The irony of being of a yogin is that you see and experience all kinds of people cross your path, literally and figuratively cross your truest, deepest, intimate and most personal path.  And if committed to the path, you are asked to work very hard to tolerate intolerance, accept those who judge and criticize, have compassion for those who do not have compassion, make space for those who are insensitive and blatantly selfish.  And it goes on and on like this.  The work is endless.  So when I find myself white- knuckling the dental chair, and my dentist has to remind me to breathe, I get to have a good laugh at myself and herein lies one of many ironies. 

It was demonstrated beautifully (and comically) on the "Helsinki" episode of VEEP when Amy asked the VP "Are you Okay, Ma'am?"  And her response was, "Ah, No.
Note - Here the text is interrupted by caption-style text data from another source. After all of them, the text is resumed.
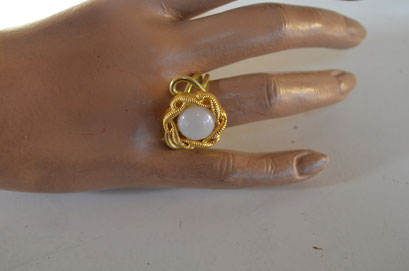 Ring aus Aludraht und einem Musterknopf. Design by Zeitzeugen-Manufactur, Unikat, Handarbeit. 3,90 €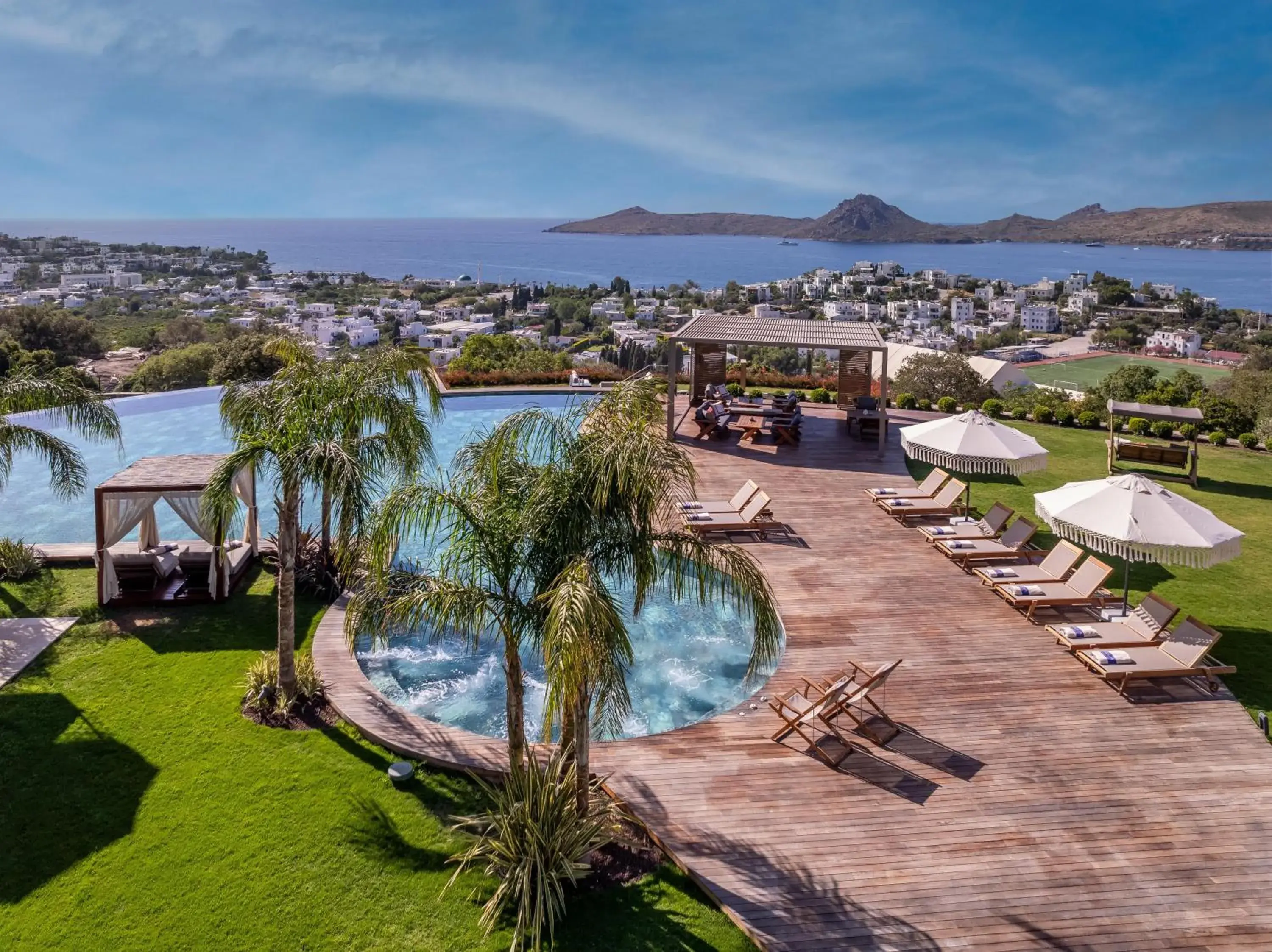 Property building in Ailla Yalıkavak Property building in Ailla Yalıkavak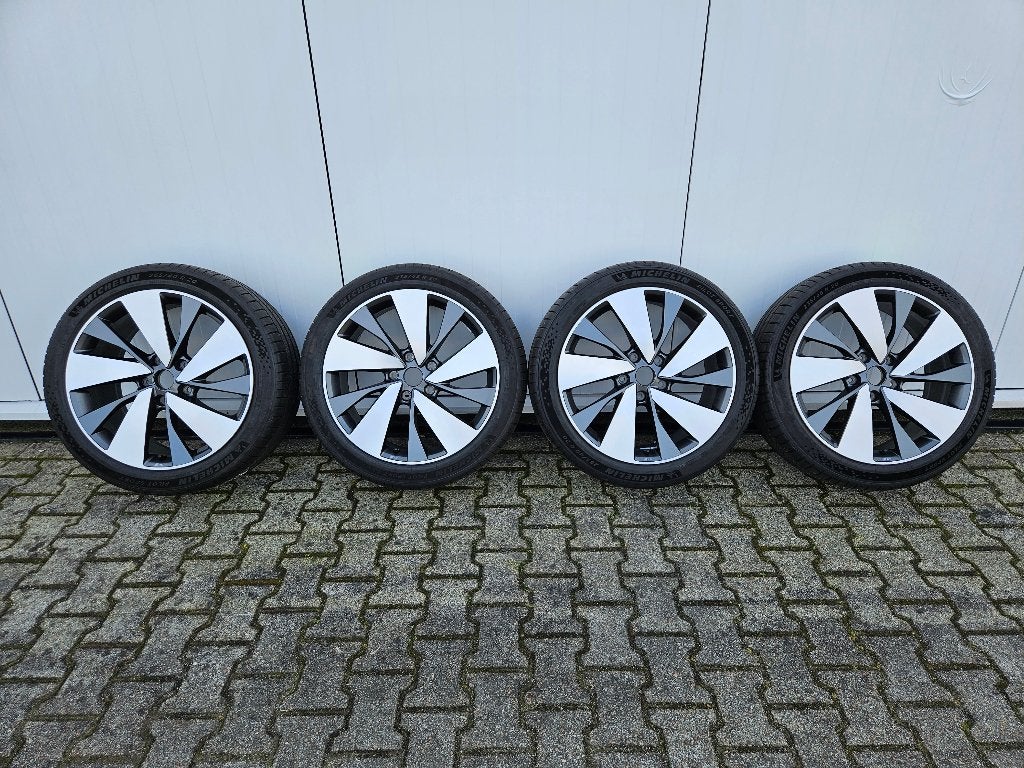 Originele Audi RS Aero 20" velgen + Michelin Pilot Sport, Ophalen, Velg(en), 265 mm, Nieuw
Would it be so hard for people not to be assholes?"

The work is endless.


It can be an act of FAITH.  To lay your heart in another’s hands.  "I ask you to hold my heart with care."
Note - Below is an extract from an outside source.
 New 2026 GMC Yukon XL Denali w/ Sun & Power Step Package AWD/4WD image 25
But it is also an act of compassion.  And ultimately, after much learning, it can be held in a balanced way as an act of WISDOM.  Not the vigilant response of “I will never trust you again based on all of the ways you have hurt me in the past and have now informed how I should NOT trust you,” but a slow evolution of having learned from the past and re-learning how to trust based on healing, if healing can occur or if you are blessed to have experienced a healing.  
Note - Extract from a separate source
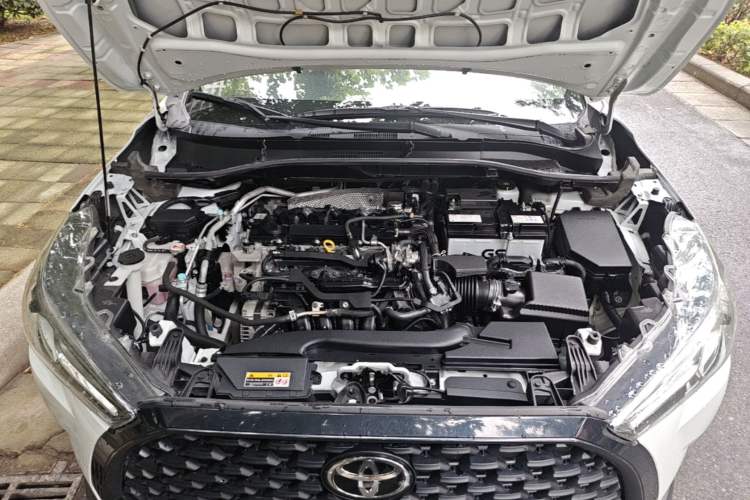 Used Toyota Corolla Cross 2023 2.0L Pioneer Edition Engine Bay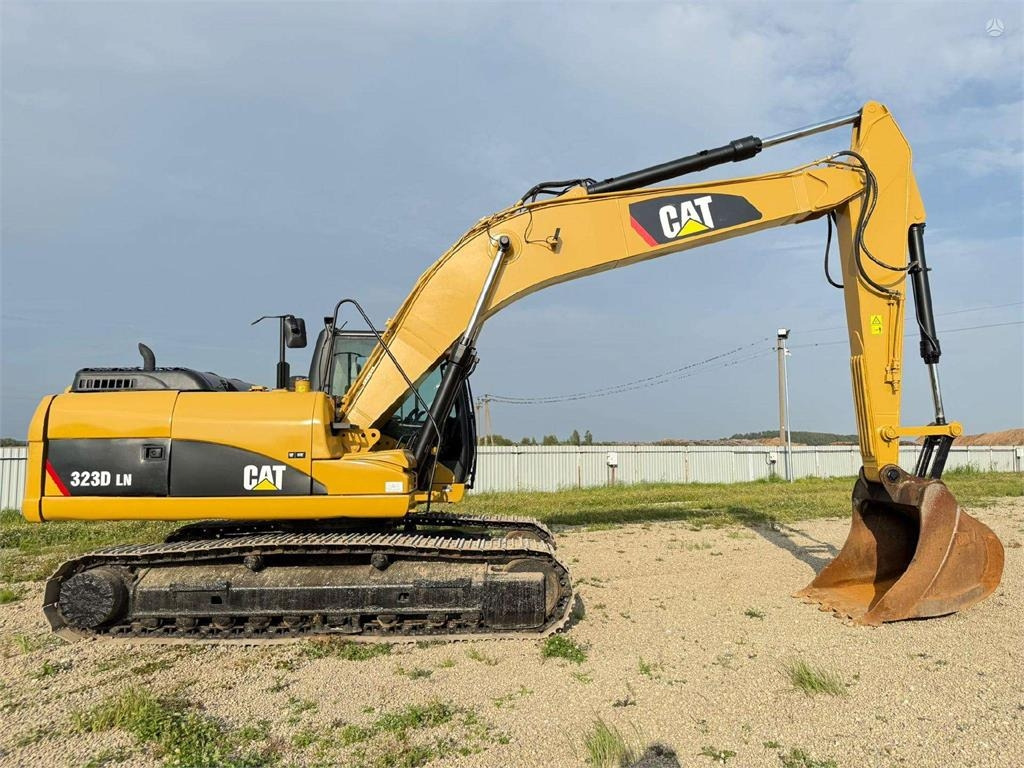 CAT 323 D - Crawler excavator: picture 5 CAT 323 D - Crawler excavator: picture 5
I could spend a lot of time on this last piece, but that is for another day.  Because healing takes the time that it takes.  For today, I wish to be hopeful and believe that if two people come to one another with full and utter honesty, then I believe that without any veil of hiding, trust can be rebuilt.

I have hope.

Trust is also a test of character.

Stepping into unfamiliar or what may feel like emotionally unsafe terrain, and navigating yourself in such a way that you know how to take your seat, so much so that it can be unwavering no matter what is thrown at you.  

No matter.  

No matter how grossly inaccurate a description may come at you with no need to argue or defend or clarify because you know yourself and can stand there without feeling even remotely knocked over, is what I know about trusting oneself.

Once that is there, the ugliest reflections can be tossed your way, and there is simply no reactivity.  You simply know it is coming from another place.  You can look at the reflection and recognize, even take ownership of the shadows which you inhabit or inhabit you.  But you know a larger truth.  That you aren’t in those words.  Words coming from a stuck place which reside inside of another.  Who you know yourself to be is inviolate.  

Again, back to the yogin: accepting and making room to love and know that some people need to lash out, that some people need to judge before they can settle.  Some people simply may never be comfortable with the whole of you no matter how much all you do is unpretentiously, unwaveringly and straightforwardly try to love them the best way you know how.  

Some of us are so eager to want to change another person in order to fit them into our lives (because that would just be more comfortable).  But what we really need to do is to hear each other.  And listening takes tremendous courage.  It often means cleaning up past hurts.  In my opinion, we tend to not trust each other based on the past experiences which have informed us of who the other is and how we think that person may behave again.  

Hurt leaves scars.  Healing takes real intention and repeated showing up to allow those scars to fade.

So in my opinion, without the help of a skilled coach or a professional, it is a true act of faith and wisdom, a testimony to love, compassion and hope, a test of character, and a true sign if you can achieve it, of sheer and utter surrender, of laying your heart wide open to risk again.  

To trust is a risk.  To risk is to risk failure.  But to close yourself off to what is in your heart is one of the greatest risks of all.